Obama said Afghanistan is a huge problem that the US 'has to get right' [AFP]

One day after finishing his trip to Europe and the Middle East, Barack Obama has said "fighting terrorism in Afghanistan" would be among his key areas of focus as US president.

 

Keeping Iran from developing nuclear weapons and shoring up the US economy are also top priorities, the presumed Democratic presidential candidate told a gathering of nearly 5,000 journalists from a variety of ethnic backgrounds in his hometown of Chicago, Illinois, on Sunday.

 

Afghanistan is a "huge problem" that the US "has to get right", Obama told the Unity: Journalists of Colour conference in his first public appearance since his overseas trip.

 

He linked that priority to the withdrawal of US troops in Iraq, forces that he said could be better used in Afghanistan.

 

Rival John McCain, Republican presidential candidate, has repeatedly criticised Obama for calling for the withdrawal of American troops from Iraq over a 16-month period.

 

But Obama responded to the criticisms on Sunday by saying the US faces more pressing concerns both internationally and domestically.

 

"We can't keep spending $10bn a year in Iraq when we have issues at home.

 

Democrat lead

 

A new Gallup poll suggests that Obama's political campaign is on track - he leads McCain by nine popularity percentage points.

 

Obama conference excerpts

Q: Would your administration issue an apology to native Americans for the atrocities they've endured for the past 500 years?

I personally would want to see our tragic history or the tragic elements of our history acknowledged. When it comes to our treatment of Native Americans as well as other persons of colour in this country, we’ve got some very sad and difficult things to account for ... I want to set up an annual meeting with them and make sure a whole range of these issues are addressed.

The most important thing for the US government to do is not just to offer words, but to offer deeds. When you look at the situation on tribal lands, by every socio-economic indicator, Native Americans are doing worse than every other group - education, unemployment ... I have to confess I am more concerned about delivering a better life.

Q: Should we have more immigration or less immigration?

A: We are a nation of immigrants and we are a nation of laws. The problem is not the number of immigrants coming in ...The problem is when we've got a legal immigration system running parallel with an illegal immigration system.

Q: You have visited churches and synagogues. When will you, or is it in the plans for you to, visit a mosque?

This is an example of a no-win situation. I have repeatedly said I'm not a Muslim but this whole strategy of questioning that I am is indicative of anti-Muslim sentiment. I just don't like the idea of somebody falsely identifying my religion.

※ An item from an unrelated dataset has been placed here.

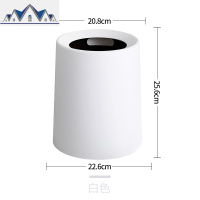 家用简约北欧垃圾桶客厅卧室卫生间厨房浴室创意垃圾桶日式垃圾筒 三维工匠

When it comes to anti-Muslim bias, when it comes to discrimination against Muslims or Arab Americans, I have been at the forefront of those fights and will continue to be when I'm president of the United States.
 
I have visited mosques here in my community repeatedly and met with Muslim leaders on a wide range of occasions.

On the question of economy, Obama said he would meet a group of economists this week to work on short- and long-term solutions to help those affected by the increasingly dismal US economy.

 

During Sunday's session, Obama listened to questions about immigration reform and affirmative action.

 

At times, when pressed on the extent of his international diplomatic experience and his relationship with Muslims, Obama went on the defensive.

 

"I was puzzled by this notion that somehow what we were doing was in any way different from what Senator McCain or a lot of presidential candidates have done in the past.

 

"Now, I admit we did it really well," Obama told amused journalists when asked about criticism that he may have come across as though he was running for "president of the world".

 

Despite Republican criticisms, the majority of Sunday's audience with Obama were impressed with his detailed answers, but some said they wanted more specifics on other topics, like offering reparations to Native Americans.

 

"I thought he handled himself well," William Moore, a professor at Ohlore College in Fremont, California, told Al Jazeera.

 

"Everyone has to make reparations to the American Indians," he said.

 

"We took their country and we're still not paying any rent. It's a tricky thing but certainly what's going on in any reservation – Indians are still in really bad shape."

 

McCain was also invited to the convention but declined, citing scheduling problems.

 

In an interview with ABC television broadcast on Sunday, McCain said Obama "doesn't understand what's at stake" in Iraq, referring to Obama's continuing call for the withdrawal of US forces from Iraq within 16 months of taking office.
 
"He chose to take a political path that would have helped him get the nomination of his party. ... And if we'd done what Senator Obama wanted done, it would have been chaos, genocide, increased Iranian influence, perhaps al-Qaeda establishing a base again," McCain said.

 

During a town hall meeting last week in New Hampshire, McCain said that Obama "would rather lose a war in order to win a political campaign".